Le fragile consensus entre industriels et écologistes au sujet du Plan Nord est en train de se fissurer.

L'organisme Initiative boréale canadienne (IBC), seul groupe écologiste siégeant à la Table des partenaires du Plan Nord, a écrit au premier ministre Jean Charest pour qu'il maintienne l'exclusion de la foresterie sur 50% du territoire visé par le projet.

«C'est avec une certaine surprise que nous avons entendu les fonctionnaires de votre gouvernement déclarer lors des audiences publiques [...] que même sur les territoires qui seront protégés de l'activité industrielle, les activités forestières seront permises», peut-on lire dans une lettre signée par Suzann Méthot, directrice pour le Québec de l'IBC, et Matthew Jacobson, responsable au Québec de la Campagne internationale pour la conservation boréale au Pew Environment Group.

«Dans le document original et fondateur du processus du Plan Nord, il est clairement mentionné que le gouvernement a entrepris d'exclure toutes les activités industrielles (exploitation forestière, minière, la production énergétique) de 50% de la superficie couverte par le Plan Nord», souligne la lettre datée du 5 septembre que La Presse a obtenue.

«Nous estimons qu'une exemption générale des activités forestières serait fatale pour l'intégrité écologique du plan», tranche-t-on.

Jeudi, d'autres groupes écologistes, dont Greenpeace et Nature Québec, ont promis d'alerter l'opinion internationale sur le fait que les activités industrielles seraient permises dans la zone de 50%, dont la foresterie et même éventuellement des mines.

La zone visée par le Plan Nord se situe au nord du 49e parallèle et totalise 1,2 million de kilomètres carrés, soit plus de 70% de tout le Québec. Dans cette zone, il y a déjà 9,7% d'aires protégées.

Le plan de conservation proposé par le ministère du Développement durable, de l'Environnement et des Parcs (MDDEP) pour la région s'étend jusqu'en 2035. Il propose d'atteindre 12% d'aires protégées d'ici à 2015 et d'ajouter, d'ici à 2020, 5% supplémentaires mais sous une forme inédite, les «réserves de terre du capital nature». Cette catégorie de réserve n'est pas reconnue dans les critères internationaux d'aires protégées. Et s'il doit y avoir de la foresterie - et des mines - dans ces zones, impossible qu'elles répondent à ces critères, selon l'IBC.

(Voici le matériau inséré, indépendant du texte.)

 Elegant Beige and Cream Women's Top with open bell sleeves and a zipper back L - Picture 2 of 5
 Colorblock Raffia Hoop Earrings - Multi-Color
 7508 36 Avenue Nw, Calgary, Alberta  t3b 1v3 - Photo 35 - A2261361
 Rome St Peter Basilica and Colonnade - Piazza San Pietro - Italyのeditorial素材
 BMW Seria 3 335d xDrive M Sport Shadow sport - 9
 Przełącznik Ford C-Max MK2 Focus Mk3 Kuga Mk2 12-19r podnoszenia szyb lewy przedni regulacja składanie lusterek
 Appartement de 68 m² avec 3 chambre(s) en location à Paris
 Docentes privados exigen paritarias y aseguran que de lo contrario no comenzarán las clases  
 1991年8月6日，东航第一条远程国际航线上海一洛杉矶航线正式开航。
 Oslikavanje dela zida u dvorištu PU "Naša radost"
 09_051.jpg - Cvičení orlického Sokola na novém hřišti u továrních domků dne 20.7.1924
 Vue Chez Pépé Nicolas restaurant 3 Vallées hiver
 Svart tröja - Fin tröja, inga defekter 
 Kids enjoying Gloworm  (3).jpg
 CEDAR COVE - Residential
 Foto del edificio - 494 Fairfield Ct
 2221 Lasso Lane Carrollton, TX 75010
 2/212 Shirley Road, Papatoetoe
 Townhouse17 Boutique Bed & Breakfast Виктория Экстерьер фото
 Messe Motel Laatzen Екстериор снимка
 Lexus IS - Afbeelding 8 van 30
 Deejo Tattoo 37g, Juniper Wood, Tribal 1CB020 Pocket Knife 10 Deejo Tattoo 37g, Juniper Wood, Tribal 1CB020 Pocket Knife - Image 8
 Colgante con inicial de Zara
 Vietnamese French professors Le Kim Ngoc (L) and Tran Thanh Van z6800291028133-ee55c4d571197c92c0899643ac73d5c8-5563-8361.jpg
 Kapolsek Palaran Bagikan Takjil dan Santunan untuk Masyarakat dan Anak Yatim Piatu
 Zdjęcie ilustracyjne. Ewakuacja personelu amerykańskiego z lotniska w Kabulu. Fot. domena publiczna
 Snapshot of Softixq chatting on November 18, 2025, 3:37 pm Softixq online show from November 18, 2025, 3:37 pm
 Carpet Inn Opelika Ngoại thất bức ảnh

«Si on veut que le Plan Nord soit un modèle de développement durable, il faut qu'il réponde à des normes internationales, a dit Suzann Méthot, de l'IBC, en entrevue à La Presse. À partir du moment où on envoie la machinerie, qu'on ouvre des routes, qu'on envoie les camions, qu'on coupe les arbres et qu'on en fait des produits commerciaux, c'est de la foresterie industrielle.»

Le MDDEP se défend en affirmant que sous le futur régime forestier, l'accent sera mis sur l'aménagement «écosystémique» des forêts. Et que même certains aspects de ce nouveau type d'exploitation pourraient être restreints ou interdits s'ils «occasionnent des pertes significatives de biodiversité».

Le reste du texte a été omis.